_What the exercise asks:_ Within the entries below, the lines from the one with "seconds. - Image 5" through the one with "Light Orange Pakistani" are to be set down exactly, both ends kept.

_Exercise data:_
== Segment start ==

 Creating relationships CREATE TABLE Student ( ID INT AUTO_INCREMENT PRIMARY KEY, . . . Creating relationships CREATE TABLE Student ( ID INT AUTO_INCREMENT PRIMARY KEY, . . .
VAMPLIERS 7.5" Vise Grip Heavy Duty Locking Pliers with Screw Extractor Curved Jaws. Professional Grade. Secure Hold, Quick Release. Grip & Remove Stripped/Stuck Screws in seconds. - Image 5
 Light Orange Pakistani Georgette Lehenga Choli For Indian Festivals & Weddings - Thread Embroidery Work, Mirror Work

== Segment end ==
== Segment start ==

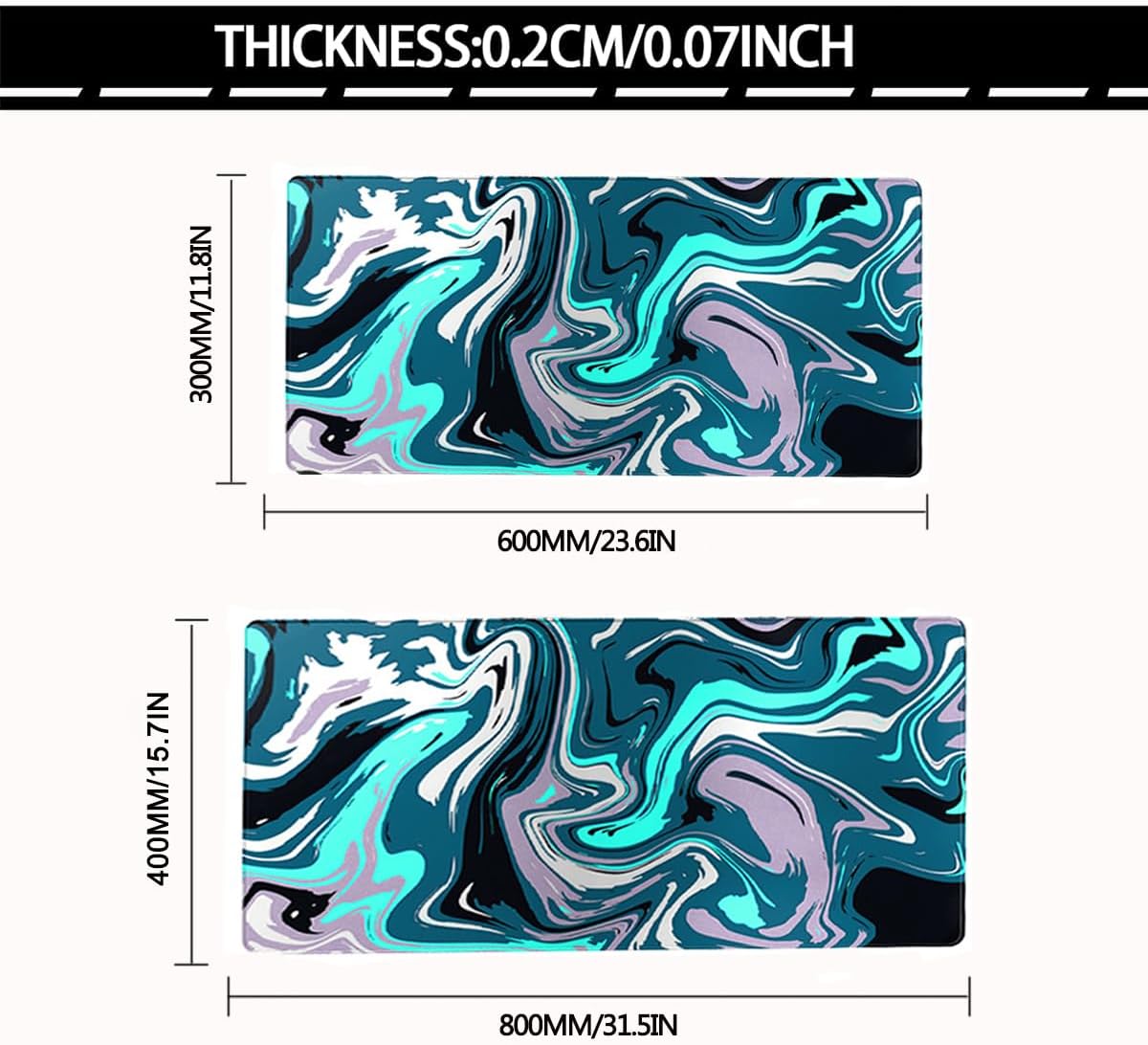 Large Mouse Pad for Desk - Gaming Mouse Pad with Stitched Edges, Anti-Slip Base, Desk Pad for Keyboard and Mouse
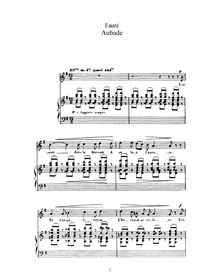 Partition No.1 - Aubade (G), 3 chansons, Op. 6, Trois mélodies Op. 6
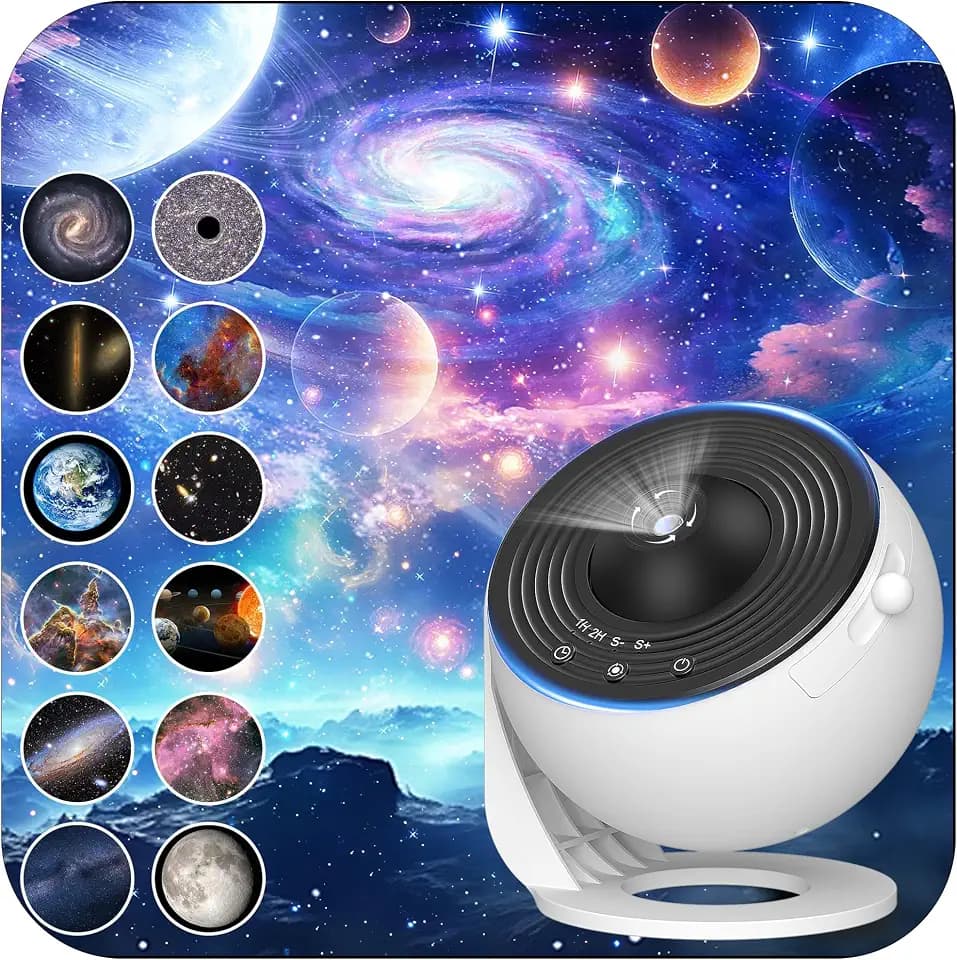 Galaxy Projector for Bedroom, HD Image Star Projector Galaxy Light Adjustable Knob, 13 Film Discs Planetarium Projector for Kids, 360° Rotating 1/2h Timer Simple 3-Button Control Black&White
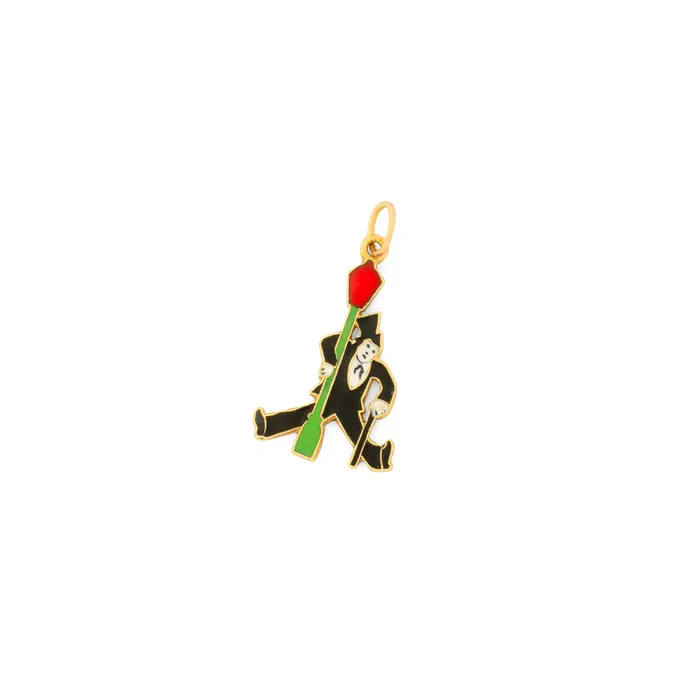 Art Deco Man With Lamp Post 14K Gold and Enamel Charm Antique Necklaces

== Segment end ==

_Answer area:_
VAMPLIERS 7.5" Vise Grip Heavy Duty Locking Pliers with Screw Extractor Curved Jaws. Professional Grade. Secure Hold, Quick Release. Grip & Remove Stripped/Stuck Screws in seconds. - Image 5
 Light Orange Pakistani Georgette Lehenga Choli For Indian Festivals & Weddings - Thread Embroidery Work, Mirror Work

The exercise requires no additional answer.